Innes also criticised Tim Wilson’s appointment as human rights commissioner without a selection process and fresh from the Institute of Public Affairs, whose policy was to abolish the Commission. This left Susan Ryan covering disabilities as well as age discrimination, an unfair burden.

My earlier post is here.

3 thoughts on “Brandis – doing his job?”

  1. We pay those in the Public Service and in similar organizations, including the Judiciary and the Defence Force, to give their advice “Without Fear Or Favour” and to act in the best interests of whole country and its future.

    We expect their integrity to be always under scrutiny, but, unless they have given good reason for it happen (such as in blatant corruption or similar criminality) never under attack.

    When this doesn’t happen, we are cheated . Our own money is misspent. Those who we have hired or will hire to work for our best interests and our future are hindered.

    Personality clashes, displays of vanity and very strong differences of opinion are common enough in any large organization but I have heard of no actual reason attack Gillian Trigg’s integrity itself …. though I dislike her, her timing and her manner.

    I see this as extending way beyond trying to intimidate Triggs herself and as attempt to intimidate ALL Public Servants and those in related organizations. As Voltaire put it, “The English hang an admiral from time to time, to encourage the others.”

    If I am right, then the mismanagement of our employees doesn’t just stop at Brandis; he may have been just the message-boy for a collective strategy from OUTSIDE of Parliament as well as inside it – and so I do wonder what the next stunt will be.

    Anyway, the No Confidence motion was a good start – so long as our MHRs and Senators don’t just let the matter rest.

  2. Graham I gather Labor spent the whole week attacking the LNP on this issue in Question Time in the lower house. I’m not sure what more they can do.

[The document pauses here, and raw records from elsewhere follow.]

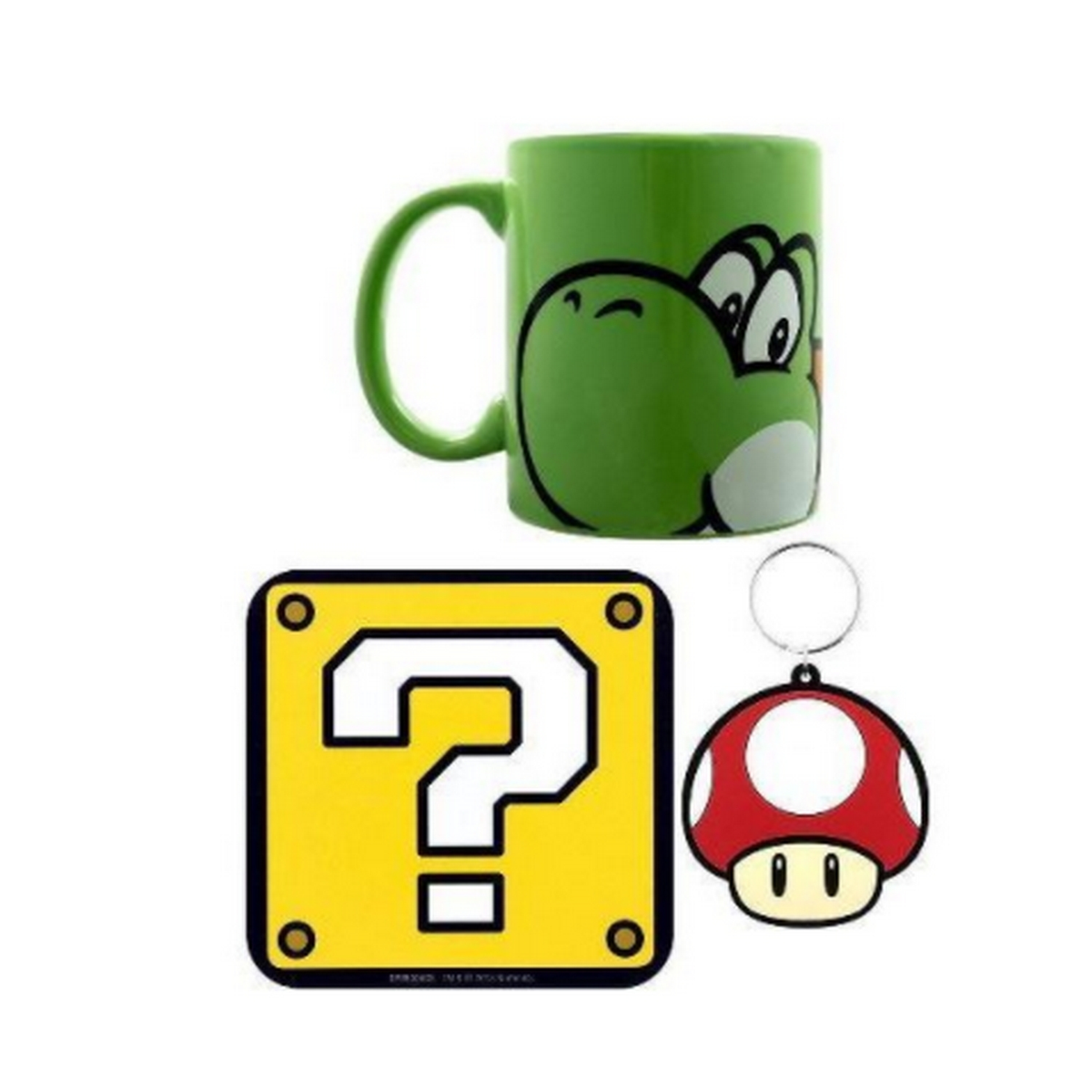 Zielony kubek Yoshi, blok ze znakiem zapytania i brelok z grzybem na białej powierzchni.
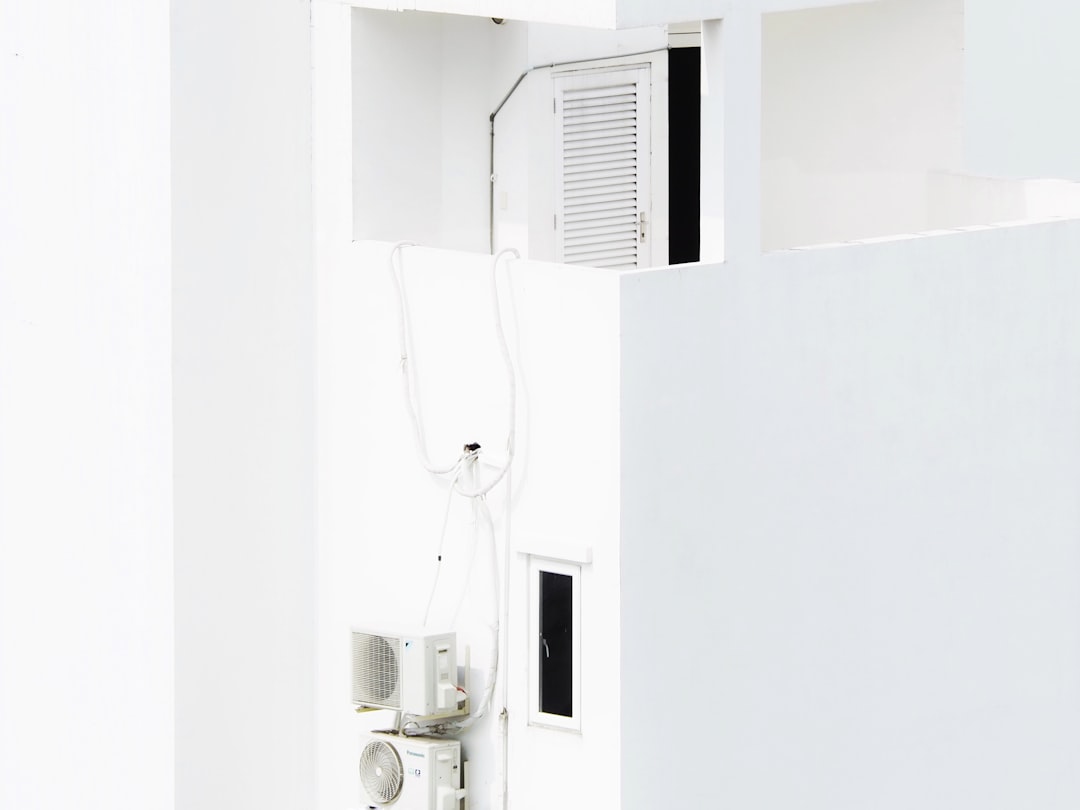 Sleek, wall-mounted ductless mini-split unit in a modern room, blending seamlessly with the decor - central air installation near me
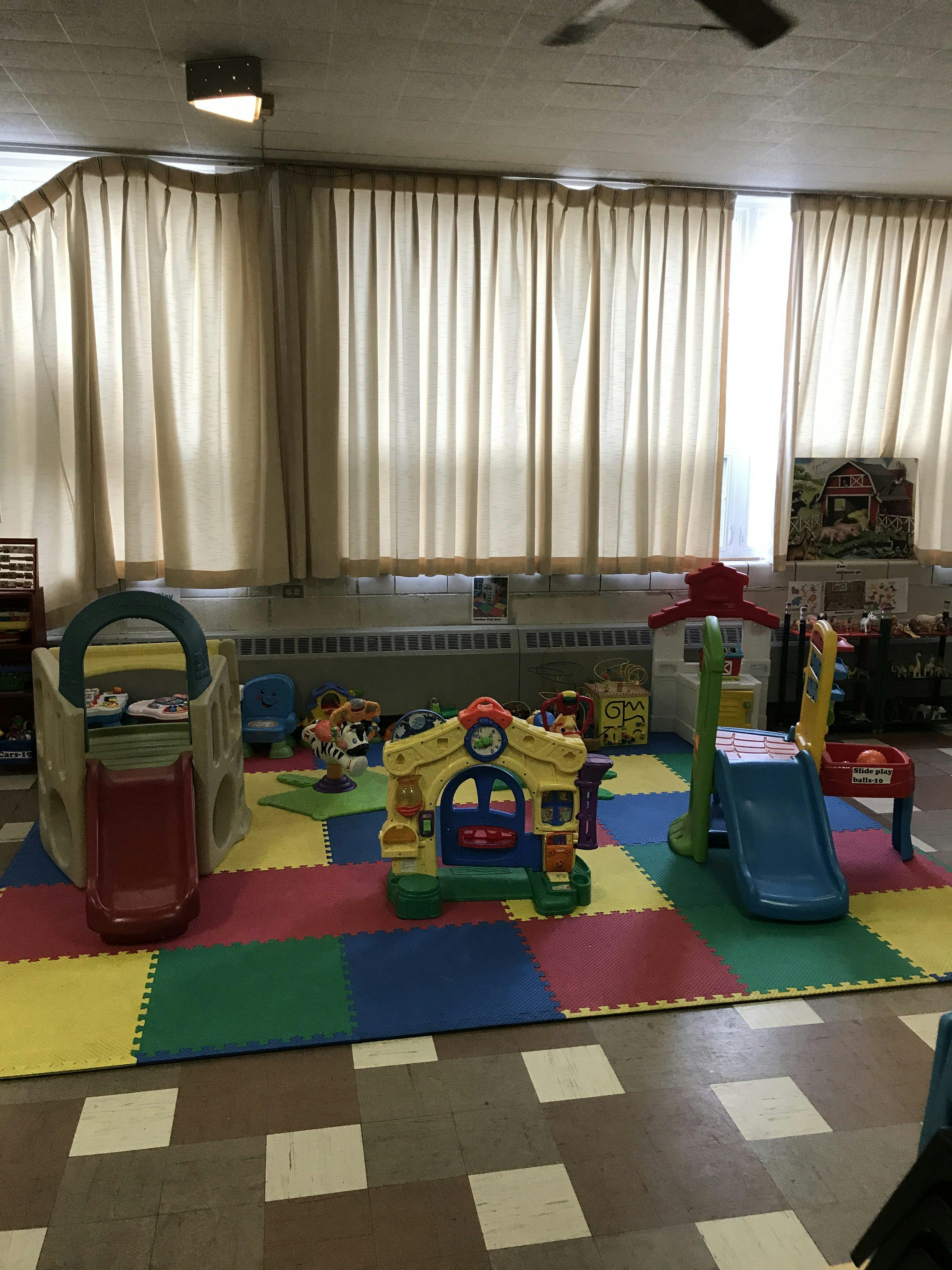Indoor play area with colorful mats and plastic play structures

  3. Brian: Responding to attacks on the relative independence of our officials is an issue that should not be left to politicians alone.
    It’s the duty of every citizen too.
    You’ve made a start by putting this article on your blog. I’ve made a start by commenting on it. We can encourage our fellow citizens to respond to this threat to good order and democracy in their own way – and not just sit back an watch it all happening.